Any "God" who can be humanly comprehended would have no partiality. The alternative guarantees violence and cruelty by justifying mistreatment of the "inferior". Far more energy is spent on "correcting" the sins of others than on self-examination and internal reform.
A related teaching is "No salvation outside of OUR church." Again, the appeal is to "specialness", and the exclusion of "outsiders". Terrible things are done in the world. The whole idea of "holiness", separateness is to state, "We refuse to do the terrible things that others do. We insist on doing good things that others don't respect." It is not to separate "good guys" from "bad guys". When religion is more about identity than about making the world better ("building up the kingdom of heaven"), it becomes idolatrous and demonic. Jesus himself said, "Whoever is not against me is for me." That means people should judge based on how others live and act, not by doing a creed check.
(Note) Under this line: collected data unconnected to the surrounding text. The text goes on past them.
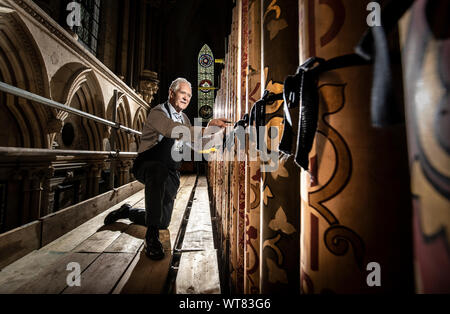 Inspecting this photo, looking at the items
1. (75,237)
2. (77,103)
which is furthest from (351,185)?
(77,103)

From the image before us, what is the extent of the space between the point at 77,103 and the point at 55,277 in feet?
10.6

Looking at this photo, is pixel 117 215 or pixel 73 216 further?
pixel 117 215

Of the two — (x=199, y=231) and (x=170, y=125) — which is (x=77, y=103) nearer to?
(x=170, y=125)

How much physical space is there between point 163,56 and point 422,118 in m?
11.0

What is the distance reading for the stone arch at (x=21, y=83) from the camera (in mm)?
1791

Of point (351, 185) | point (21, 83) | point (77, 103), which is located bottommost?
point (351, 185)

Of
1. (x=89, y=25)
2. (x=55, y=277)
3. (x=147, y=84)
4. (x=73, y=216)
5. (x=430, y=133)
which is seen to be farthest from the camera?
(x=147, y=84)

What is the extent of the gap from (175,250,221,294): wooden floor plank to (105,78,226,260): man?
0.21m

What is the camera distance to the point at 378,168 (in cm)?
28

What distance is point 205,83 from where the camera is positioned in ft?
38.0

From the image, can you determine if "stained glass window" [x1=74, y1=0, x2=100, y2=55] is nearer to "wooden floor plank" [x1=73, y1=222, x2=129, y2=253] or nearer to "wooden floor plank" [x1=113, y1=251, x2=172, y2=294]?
"wooden floor plank" [x1=73, y1=222, x2=129, y2=253]

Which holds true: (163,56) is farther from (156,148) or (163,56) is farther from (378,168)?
(378,168)

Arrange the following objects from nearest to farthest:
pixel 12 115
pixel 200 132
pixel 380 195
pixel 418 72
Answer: pixel 418 72 → pixel 380 195 → pixel 200 132 → pixel 12 115

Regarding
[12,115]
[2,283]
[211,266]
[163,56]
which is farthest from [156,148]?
[163,56] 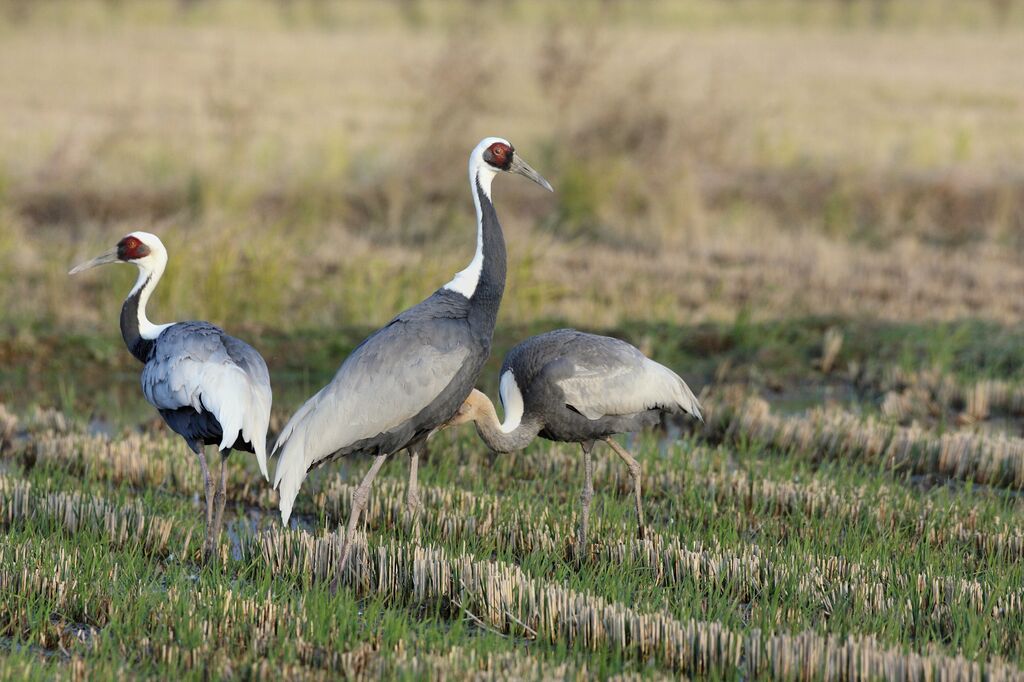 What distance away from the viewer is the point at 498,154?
6488 millimetres

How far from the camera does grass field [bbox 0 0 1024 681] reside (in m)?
5.01

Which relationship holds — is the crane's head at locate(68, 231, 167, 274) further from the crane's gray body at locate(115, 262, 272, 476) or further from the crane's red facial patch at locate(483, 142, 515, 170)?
the crane's red facial patch at locate(483, 142, 515, 170)

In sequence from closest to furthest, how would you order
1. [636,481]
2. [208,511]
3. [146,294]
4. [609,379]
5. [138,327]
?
[208,511]
[609,379]
[636,481]
[138,327]
[146,294]

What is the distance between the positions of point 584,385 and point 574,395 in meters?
0.07

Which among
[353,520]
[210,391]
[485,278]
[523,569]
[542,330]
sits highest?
[485,278]

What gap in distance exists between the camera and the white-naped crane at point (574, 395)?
6.48m

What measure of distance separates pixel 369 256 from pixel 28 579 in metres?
7.65

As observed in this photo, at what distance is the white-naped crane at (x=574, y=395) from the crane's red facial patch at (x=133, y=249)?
6.31 feet

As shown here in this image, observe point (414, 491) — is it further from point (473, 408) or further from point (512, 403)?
point (512, 403)

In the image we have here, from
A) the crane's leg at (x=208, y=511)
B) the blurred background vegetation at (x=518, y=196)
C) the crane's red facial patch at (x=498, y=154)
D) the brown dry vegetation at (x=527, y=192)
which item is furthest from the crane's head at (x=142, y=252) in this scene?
the brown dry vegetation at (x=527, y=192)

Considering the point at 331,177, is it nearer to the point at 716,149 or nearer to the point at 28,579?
the point at 716,149

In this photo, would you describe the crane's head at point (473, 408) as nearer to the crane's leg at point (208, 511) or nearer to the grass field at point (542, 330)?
the grass field at point (542, 330)

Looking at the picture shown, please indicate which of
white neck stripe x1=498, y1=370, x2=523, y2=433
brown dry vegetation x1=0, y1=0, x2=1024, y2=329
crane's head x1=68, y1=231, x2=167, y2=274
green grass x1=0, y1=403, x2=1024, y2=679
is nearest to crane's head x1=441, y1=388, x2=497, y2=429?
white neck stripe x1=498, y1=370, x2=523, y2=433

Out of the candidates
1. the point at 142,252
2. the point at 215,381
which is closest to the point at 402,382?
the point at 215,381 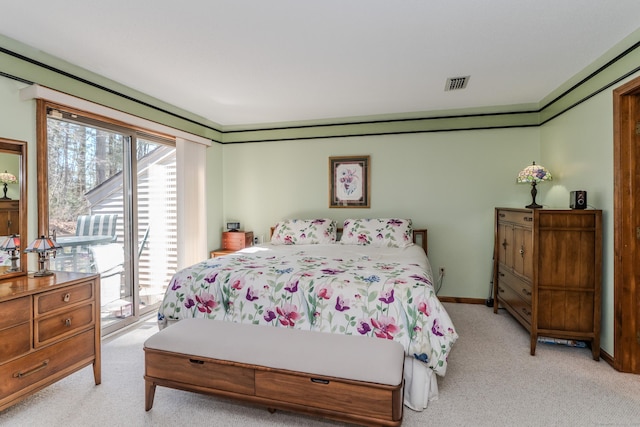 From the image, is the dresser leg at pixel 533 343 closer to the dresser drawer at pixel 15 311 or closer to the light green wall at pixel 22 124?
the dresser drawer at pixel 15 311

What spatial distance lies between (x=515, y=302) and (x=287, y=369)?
8.43 ft

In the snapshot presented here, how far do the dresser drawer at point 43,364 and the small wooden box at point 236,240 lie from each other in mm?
2417

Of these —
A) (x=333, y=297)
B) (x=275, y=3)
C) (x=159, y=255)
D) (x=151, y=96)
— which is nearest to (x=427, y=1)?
(x=275, y=3)

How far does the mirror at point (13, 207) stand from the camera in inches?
88.4

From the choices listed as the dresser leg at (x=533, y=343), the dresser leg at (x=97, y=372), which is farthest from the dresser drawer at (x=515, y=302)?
the dresser leg at (x=97, y=372)

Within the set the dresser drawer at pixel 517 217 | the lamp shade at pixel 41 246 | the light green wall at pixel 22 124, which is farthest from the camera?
the dresser drawer at pixel 517 217

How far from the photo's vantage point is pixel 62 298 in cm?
217

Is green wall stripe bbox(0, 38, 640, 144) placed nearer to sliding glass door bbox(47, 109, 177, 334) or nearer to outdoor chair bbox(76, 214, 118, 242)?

"What you believe is more important than what you do." One of the most unfortunate consequences of the Protestant Reformation is the artificial distinction between "faith" and "works". People do things based on what they believe, if they don't, it's not real faith. A faith that contains a moral mandate requires action, otherwise it's dead, useless. And if that moral mandate spreads misery and suffering rather than alleviating it, the faith is inhuman. People who excuse their mistreatment of other people because they serve a "higher" cause are either liars or deluded.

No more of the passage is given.